Uykuyu sevsem de uykum agir degildir.
Cumartesi sabahi derinlerden bir yerlerden gelen bir sesle uyandim, Ilk aklima gelen "merkezi radyo yayini mi basladi, ne alaka simdi" oldu. Kalktim kulak kabarttim, hakikaten tavanda bulunan hoparlorden bir DJ sabah yayinina baslamisti; sandim kiiii, uykumun da iyice acilmis olmasi marifetiyle, DJ'in (!) surekli ayni seyi soyledigini farkettim. Soyle diyordu "Emergency, emergency! Please evacuate!!". Ve tam ben bunu idrak ettim edecekken avaz ates alarmlar calmaya ve benim DJ de (ki pek tabii kendisi DJ degildi) kendini paralamaya basladi: "EMERGENCY EMERGENCY PLEASE EVACUATE!!!!". "Yandim anam" diyerek kendimi disari attim. Komsularimla beraber yangin merdiveninden asagi inerken, "yangindan ilk kurtarilacaklar" profilini de gozlemleme imkani buldum. Iki baslikta toplayabilirim: bebekler ve laptoplar! Bebegi olanlar yavrucuklarina, olmayanlar kariyerlerine simsiki sarilmis halde ve hepimiz binbir renk ve desendeki pijamalarimizla asagi dogru seyirttik:) Benim ise elimde sadece pasaportum ve cep telefonum vardi:)))) No comment!

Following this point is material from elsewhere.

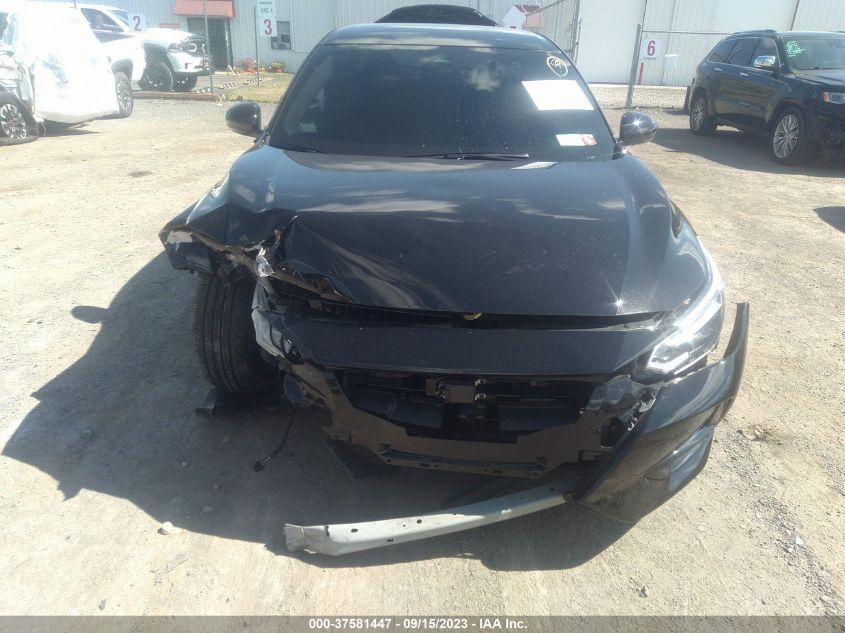 2023 NISSAN SENTRA SR - 3N1AB8DV2PY267646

11 kati done done inip kendimizi sokaga atmamizla alarmin da asilsiz oldugunu ogrenmemiz bir oldu. Ve bilin bakalim resepsiyonda kim vardi? Evet Michelle:)) Sanirim kendisi biraz bahtsiz bir kisi, olaysiz bir vardiyasi olmuyor garibimin:) Sonuc olarak, yanlis alarm biz dairelerimize dondukten ancak 15 dakika sonra sustu. Bizler olayi sacma bir ani olarak yerine yerlestirirken Michelle'de olan biteni merak etmekten kendimi alamiyorum:)

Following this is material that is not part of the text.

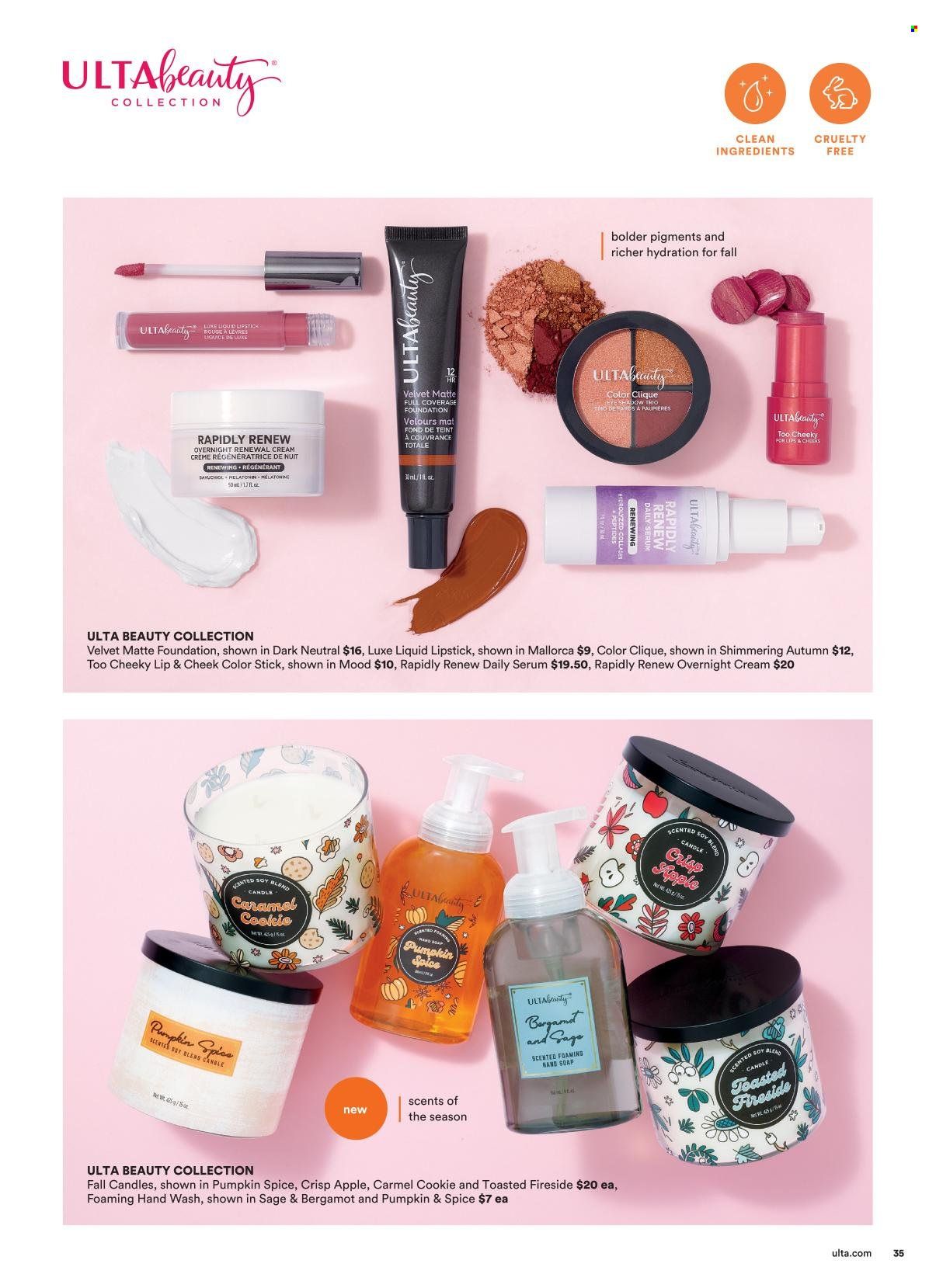 Ulta Beauty Weekly Ad Flyer Specials August 28 to September 17, 2022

Neyse... Sonucta uyudum birkac saat daha ve sonra da Manly'ye gitmeye karar verdim. Burasi Sydney'den feribotla yarim saat uzaklikta bildiginiz sahil kasabasi tadinda bir yer. Plaji Bondi'dan daha guzel degil ama dalgalar daha bi coskun yani daha fazla sorf yapan arkadas izleme sansina eristim:) Tam biraz isinip ta "bi dalip ciksam mi" diye dusunurken baska bir anonsla irkildim. "Hoppalaaaaa! Dunya anons gunu herhalde" derken bi anda denizde ne kadar insan varsa akin akin kiyiya cikmaya basladi. Tahmin ettiniz belki ama etmediyseniz bu seferki uyarimiz "kiyidan cok ta uzak olmayan bir mesafede bir kopekbaligi goruldugunu" salik veriyordu. Bu ilginc bir olaydi gercekten. Her ne kadar Avustralya'nin kopekbaligi saldirisi derdinden muzdarip oldugunu bilseniz de, plaja gidip te boyle bir anons duymak garip geliyor insana. Tam anlamiyla "dikkat kopekbaligi cikabilir!", o nasil birsey yahu?? :) Sonucta iri dostumuzu goremedim bizzat; bir sure sonra da, basta denizin tenhalasmasini firsat bilen uyanik sorfculer olmak uzere, herkes cimmeye basladi yeniden. Ben yine de kiyin kiyin yuzdum ama, "neme lazim" diyerek.


Pazar gunu ise Bondi Beach'e gittim yine. Artik bunlar yazin son demleri diyolar. ben de oren yerleri ve muze gezilerini annemlere ve Levent'e sakliyorum. Levent'le de ne muze gezeriz ya, neyse iste:))
Haftasonun ozeti budur.

Bugun ise apayri bir tecrubeydi. Bizim acentanin davetlisi olarak bir yuk gemisine bindim:))) Makina dairesi. kaptan kosku falan gezip bir de yemek yedik icinde. Konuyla ilgili yapabilecegim tek yorum "cok buyuk" oldugu:) Ha bir de kaptan koskunde gordugum bir klasorden bahsedebilirim. Dosyanin adi "Piracy Alarms"di:)) Yani son 3 gundur alarmlarla kusatilmis durumdayim, bizzat veya dolayli!